SAP HANA is a pivotal platform that can completely transform an enterprise, but without quality data SAP HANA only yields fast trash. Traditionally, tools such as SAP Data Services have been used to confront this problem. Now, SAP HANA holds capabilities to transform and cleanse data in real time from many sources. See how these technologies confront real-time challenges.
Key Concept
SAP HANA has many features to both manage data and improve data quality. These new options offer real-time transformational possibilities that were unthinkable until recently. They allow users to transform data in real time with Smart Data Integration (SDI) or conform and cleanse data with Smart Data Quality (SDQ). SDI is the next generation information management platform to transform data in SAP HANA. SDQ adds data quality capabilities to round out this next generation SAP HANA-based information management platform with capabilities in batch or real-time deployments.

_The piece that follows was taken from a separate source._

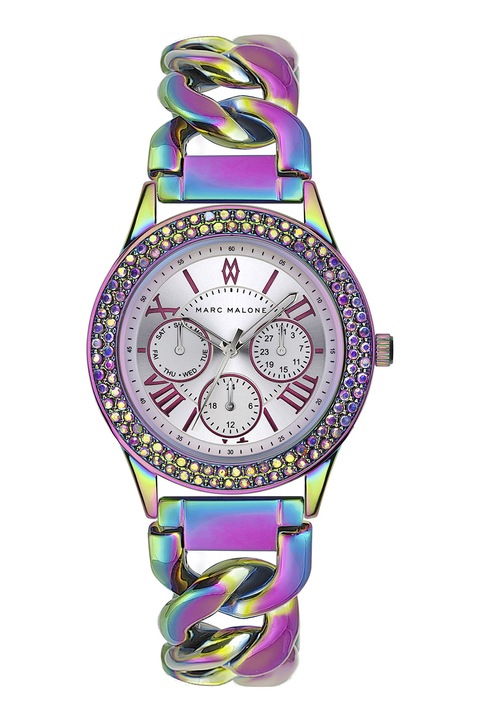 Marc Malone, Мултифункционален часовник от неръждаема стомана, Разнороден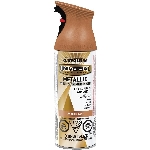 Peinture à base de solvant en aérosol Universal, fini métalliqu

Concepts such as business intelligence and analytics have been used on many different platforms over the years. However, with SAP HANA many more options exist for gathering measures and key performance indicators in real time from data as it is created in the SAP Business Suite or other systems. SAP HANA is an analytics platform for housing data from many disparate sources as the development stack for data warehousing. Since SAP HANA’s inception this has been accomplished with extracting, transforming, and loading (ETL) data into SAP HANA from multiple sources.
ETL is not a new concept, and in the SAP world, these types of operations and development have used technologies such as SAP Data Services to perform these functions. SAP Data Services is like many of its rivals in that it is mostly batch based. Traditional ETL in this paradigm has the challenges of introducing latency to the data in the data warehouse. Data must be gathered, extracted, and transformed in batches from multiple sources that are scheduled to process changed data to the targets. This schedule can happen once a day or in micro batches that may be once an hour or every 15 minutes, but at best, it will only be near real time.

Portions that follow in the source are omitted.